L'aumento dei budget militari

In questo contesto di indebitamento astronomico dell'economia mondiale e particolarmente della prima potenza, è necessario denunciare l'aumento delle spese militari che costituisce un fattore supplementare dell'aggravamento dei deficit di bilancio e ciò a scapito dei budget civili che si riducono all’osso per finanziare l'indicibile barbarie che si estende.

Dallo scoppio della guerra in Iraq fino all'occupazione attuale del paese, gli Stati Uniti hanno speso 140 miliardi di dollari. Questo sforzo non è sufficiente poiché "il Pentagono ha appena richiesto, all'inizio di novembre, un supplemento di 70 miliardi di dollari per finanziare le operazioni militari nel 2005" (Le Monde, 9 novembre). Il budget del Pentagono dovrebbe superare nel 2005 i 400 miliardi di dollari, escluso il costo delle guerre in Iraq ed in Afghanistan, il che rappresenta quasi la metà delle spese militari mondiali (esattamente il 45%).

Se si fa il paragone con le guerre precedenti, ci si rende conto del costo esorbitante delle spese attuali: la Prima Guerra mondiale è costata 190,6 miliardi di dollari all'economia americana, la Seconda 2.896,3 miliardi di dollari, la prima guerra del Golfo nel 1991 ha assorbito 76,1 miliardi di dollari in soli alcuni mesi (da "Problemi economici" del 1 settembre 2004").

Ma gli altri Stati non sono da meno.
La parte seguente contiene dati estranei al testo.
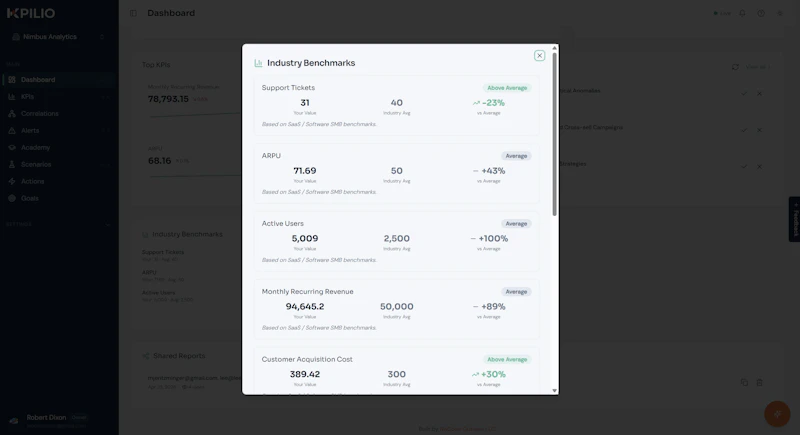 KPILIO screenshot 9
Dalla fine degli anni ‘90 l'insieme dei budget militari è in rialzo a scala mondiale. Si può citare a titolo indicativo il caso della Francia dove nonostante il budget dell'esercito francese sia aumentato in modo significativo in questi anni, il governo ha deciso la concessione di "550 milioni di euro supplementari per finanziare l'impegno militare in corso in Costa d'Avorio e 100 milioni in più per altre operazioni esterne. Queste spese saranno fatte sulle spalle dei ministeri civili" (Les Echos, 10 novembre).
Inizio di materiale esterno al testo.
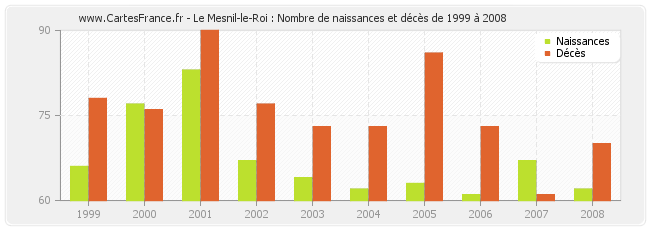 Le Mesnil-le-Roi : Nombre de naissances et décès de 1999 à 2008
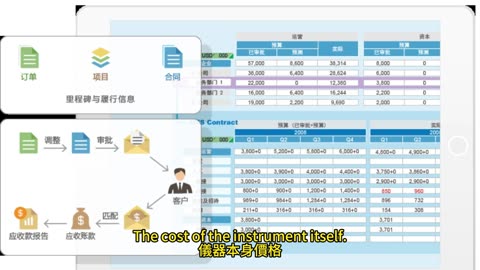 AI聽診器 秒測心臟疾病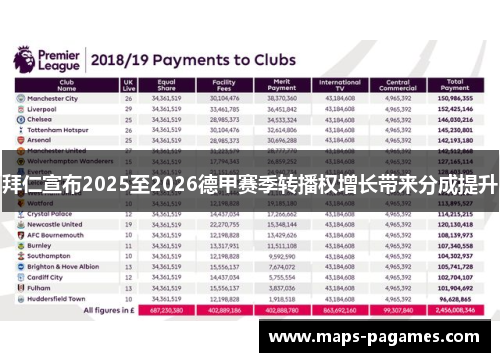 拜仁宣布2025至2026德甲赛季转播权增长带来分成提升
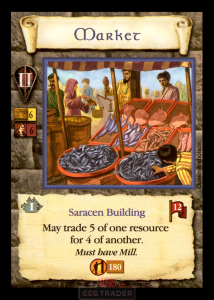 Market (Saracen) [Nautical] ENG - Age of Empires: Expandable Card Game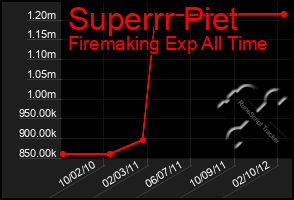 Total Graph of Superrr Piet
Contrariamente a ciò che racconta la borghesia, quello che viene speso nella sfera militare non è destinato alla riproduzione di capitale produttivo ma corrisponde alla distruzione pura e semplice di capitale investito. Questo significa che lo sviluppo del militarismo e l'aumento delle spese che ne consegue è un peso supplementare che accentua il marasma economico.

Dietro le cifre della sedicente crescita capitalista per il 2004, si nasconde in realtà una nuova drammatica tappa dell'aggravamento della crisi che mostra il fallimento del modo di produzione capitalista.